> _ABOUT THIS EXERCISE_:
Please transcribe exactly, and only, the lines of the data below between the line holding "Tampon Izgarası Elantra" and the line holding "西甲球员罢赛要求改革，联赛前景蒙上阴影", inclusive.

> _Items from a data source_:
:::

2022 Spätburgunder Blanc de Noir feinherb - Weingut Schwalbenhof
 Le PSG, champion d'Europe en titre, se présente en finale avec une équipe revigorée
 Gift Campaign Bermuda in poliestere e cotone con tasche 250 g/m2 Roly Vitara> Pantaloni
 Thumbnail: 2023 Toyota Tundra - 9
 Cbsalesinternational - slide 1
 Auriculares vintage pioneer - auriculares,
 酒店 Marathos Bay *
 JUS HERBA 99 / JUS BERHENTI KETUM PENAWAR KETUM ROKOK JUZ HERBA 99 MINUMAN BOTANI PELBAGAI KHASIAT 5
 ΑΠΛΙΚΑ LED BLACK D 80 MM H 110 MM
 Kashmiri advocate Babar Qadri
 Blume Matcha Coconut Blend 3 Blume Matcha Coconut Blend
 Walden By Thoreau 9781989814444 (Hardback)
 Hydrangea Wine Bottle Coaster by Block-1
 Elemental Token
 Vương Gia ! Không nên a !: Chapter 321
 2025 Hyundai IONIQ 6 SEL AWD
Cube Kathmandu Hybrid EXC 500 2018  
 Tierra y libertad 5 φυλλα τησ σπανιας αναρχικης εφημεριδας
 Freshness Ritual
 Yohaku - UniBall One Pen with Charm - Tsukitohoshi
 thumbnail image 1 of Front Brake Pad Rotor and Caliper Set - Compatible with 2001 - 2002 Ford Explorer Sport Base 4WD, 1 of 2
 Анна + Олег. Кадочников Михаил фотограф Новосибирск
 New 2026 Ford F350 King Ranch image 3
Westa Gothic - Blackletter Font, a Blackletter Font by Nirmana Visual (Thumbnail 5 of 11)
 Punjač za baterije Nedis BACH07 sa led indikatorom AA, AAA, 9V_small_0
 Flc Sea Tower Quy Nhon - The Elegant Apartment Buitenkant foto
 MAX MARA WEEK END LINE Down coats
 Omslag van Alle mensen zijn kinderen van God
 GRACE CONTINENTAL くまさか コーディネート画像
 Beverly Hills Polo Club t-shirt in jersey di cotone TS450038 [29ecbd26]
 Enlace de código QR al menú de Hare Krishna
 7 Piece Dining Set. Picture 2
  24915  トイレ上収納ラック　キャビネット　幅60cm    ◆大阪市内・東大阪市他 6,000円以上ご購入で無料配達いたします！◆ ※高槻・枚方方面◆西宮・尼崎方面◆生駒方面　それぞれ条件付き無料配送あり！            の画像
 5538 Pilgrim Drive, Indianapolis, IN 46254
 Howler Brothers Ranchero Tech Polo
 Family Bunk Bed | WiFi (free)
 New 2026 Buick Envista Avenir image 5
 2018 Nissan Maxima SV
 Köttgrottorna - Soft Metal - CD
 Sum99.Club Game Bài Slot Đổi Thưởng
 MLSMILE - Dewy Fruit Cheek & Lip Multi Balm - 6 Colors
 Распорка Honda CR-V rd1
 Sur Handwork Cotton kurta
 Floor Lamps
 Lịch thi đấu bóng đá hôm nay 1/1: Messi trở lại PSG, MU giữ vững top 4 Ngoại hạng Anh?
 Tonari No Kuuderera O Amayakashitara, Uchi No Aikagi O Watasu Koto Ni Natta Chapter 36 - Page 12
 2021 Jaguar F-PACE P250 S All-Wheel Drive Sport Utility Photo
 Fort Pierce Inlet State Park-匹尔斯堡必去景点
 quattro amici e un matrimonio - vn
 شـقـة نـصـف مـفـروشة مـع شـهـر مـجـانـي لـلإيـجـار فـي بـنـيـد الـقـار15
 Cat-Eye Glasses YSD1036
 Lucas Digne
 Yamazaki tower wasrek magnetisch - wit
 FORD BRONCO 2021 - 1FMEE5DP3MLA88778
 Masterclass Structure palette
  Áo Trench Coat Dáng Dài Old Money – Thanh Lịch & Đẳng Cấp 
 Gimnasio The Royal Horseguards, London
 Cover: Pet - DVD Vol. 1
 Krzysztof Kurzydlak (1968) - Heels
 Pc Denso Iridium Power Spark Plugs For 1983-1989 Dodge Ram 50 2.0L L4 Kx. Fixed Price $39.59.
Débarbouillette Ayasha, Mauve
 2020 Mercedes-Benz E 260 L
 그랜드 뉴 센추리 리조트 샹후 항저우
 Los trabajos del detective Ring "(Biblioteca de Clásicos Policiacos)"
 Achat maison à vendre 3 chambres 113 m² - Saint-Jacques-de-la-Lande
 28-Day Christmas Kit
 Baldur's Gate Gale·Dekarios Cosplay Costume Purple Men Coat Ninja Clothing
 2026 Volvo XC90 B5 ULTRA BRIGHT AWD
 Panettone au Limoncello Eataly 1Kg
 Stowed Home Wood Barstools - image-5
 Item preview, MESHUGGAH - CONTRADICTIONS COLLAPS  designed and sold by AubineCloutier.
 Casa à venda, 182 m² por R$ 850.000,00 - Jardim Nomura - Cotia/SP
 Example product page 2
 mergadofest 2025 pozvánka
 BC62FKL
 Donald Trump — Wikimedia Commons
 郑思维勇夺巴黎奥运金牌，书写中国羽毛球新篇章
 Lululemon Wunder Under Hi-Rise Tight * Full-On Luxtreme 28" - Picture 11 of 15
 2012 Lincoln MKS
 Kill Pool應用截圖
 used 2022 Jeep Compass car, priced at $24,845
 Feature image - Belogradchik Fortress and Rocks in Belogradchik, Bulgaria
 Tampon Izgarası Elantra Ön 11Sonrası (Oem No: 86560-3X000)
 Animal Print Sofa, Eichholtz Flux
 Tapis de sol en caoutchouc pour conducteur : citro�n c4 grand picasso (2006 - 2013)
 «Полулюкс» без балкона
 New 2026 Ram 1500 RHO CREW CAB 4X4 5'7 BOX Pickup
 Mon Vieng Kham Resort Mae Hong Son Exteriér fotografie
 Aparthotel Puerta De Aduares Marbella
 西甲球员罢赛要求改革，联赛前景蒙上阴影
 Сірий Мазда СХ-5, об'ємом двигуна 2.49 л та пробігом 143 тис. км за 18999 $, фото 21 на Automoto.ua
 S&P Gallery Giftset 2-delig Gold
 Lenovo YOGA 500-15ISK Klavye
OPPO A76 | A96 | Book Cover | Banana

:::

> _EXERCISE RESPONSE_:
 Tampon Izgarası Elantra Ön 11Sonrası (Oem No: 86560-3X000)
 Animal Print Sofa, Eichholtz Flux
 Tapis de sol en caoutchouc pour conducteur : citro�n c4 grand picasso (2006 - 2013)
 «Полулюкс» без балкона
 New 2026 Ram 1500 RHO CREW CAB 4X4 5'7 BOX Pickup
 Mon Vieng Kham Resort Mae Hong Son Exteriér fotografie
 Aparthotel Puerta De Aduares Marbella
 西甲球员罢赛要求改革，联赛前景蒙上阴影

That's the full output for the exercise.